Sarah Boucher et Pierre-Paul Biron

 - Agence QMI

De nombreuses personnalités politiques et médiatiques ont rendu un dernier vibrant hommage à Jean-Paul L'Allier, samedi, à la Basilique-Cathédrale Notre-Dame de Québec.

Denis Coderre, maire de Montréal

M. L’Allier, c’était pour moi un pionnier de l’autonomie municipale. Il avait compris depuis le début que la différence passe par les villes. On peut aimer le gouvernement du Québec ou du Canada, mais on définit le monde à partir des villes.
C’est le type de politicien qui me plaît bien. J’ai toujours aimé cette conviction et cette façon de dire qu’on prend une décision et qu’on l’assume et qu’on vit avec, qu’on va jusqu’au bout.
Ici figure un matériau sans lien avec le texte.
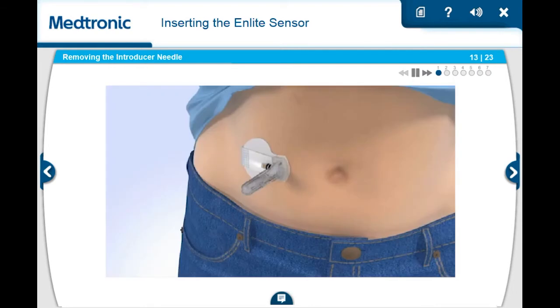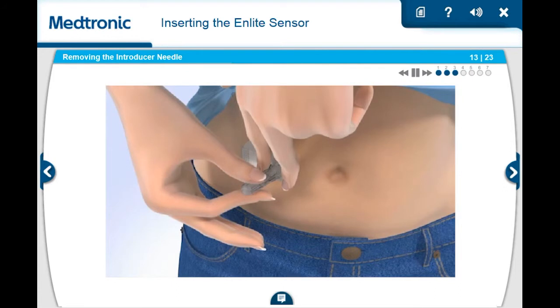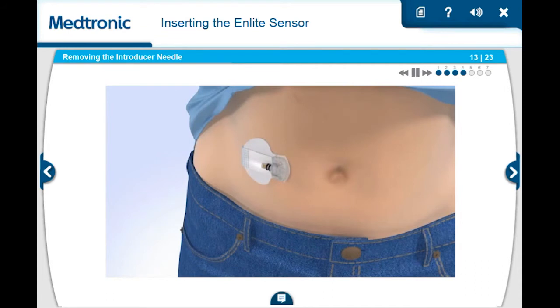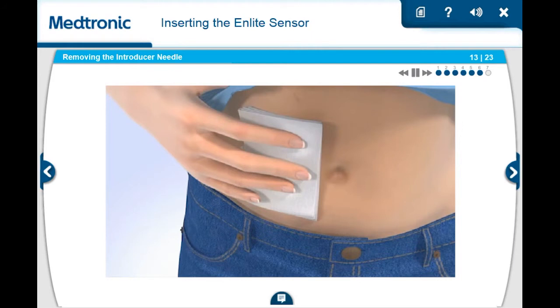With one hand, gently hold the sensor by placing one finger on the front of the sensor and one finger on the sensor connector to ensure your glucose sensor stays in place. Be sure you do not hold or pinch the sides of the sensor. With the other hand, hold the needle housing at the tip and slowly pull straight out away from the sensor. The needle automatically retracts inside the plastic needle housing. Discard the entire piece into a sharps container. Note, if bleeding occurs at your insertion site, apply steady pressure using sterile gauze or a clean cloth for up to three minutes.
Claude Cantin, ancien maire suppléant de Québec, ami de M. L’Allier

Je retiens de lui un homme attachant et profondément humain. Pas tellement préoccupé par les grandeurs de ce monde, mais bien des services à sa population. Toute mesure était évaluée [selon] la façon dont elle rendrait service à la population.

Rémy Trudel, ancien ministre des Affaires municipales péquistes sous Lucien Bouchard

«Jean-Paul L’Allier, c’est l’homme de la restauration de la participation citoyenne, pas seulement dans les municipalités, mais dans l’ensemble du Québec.»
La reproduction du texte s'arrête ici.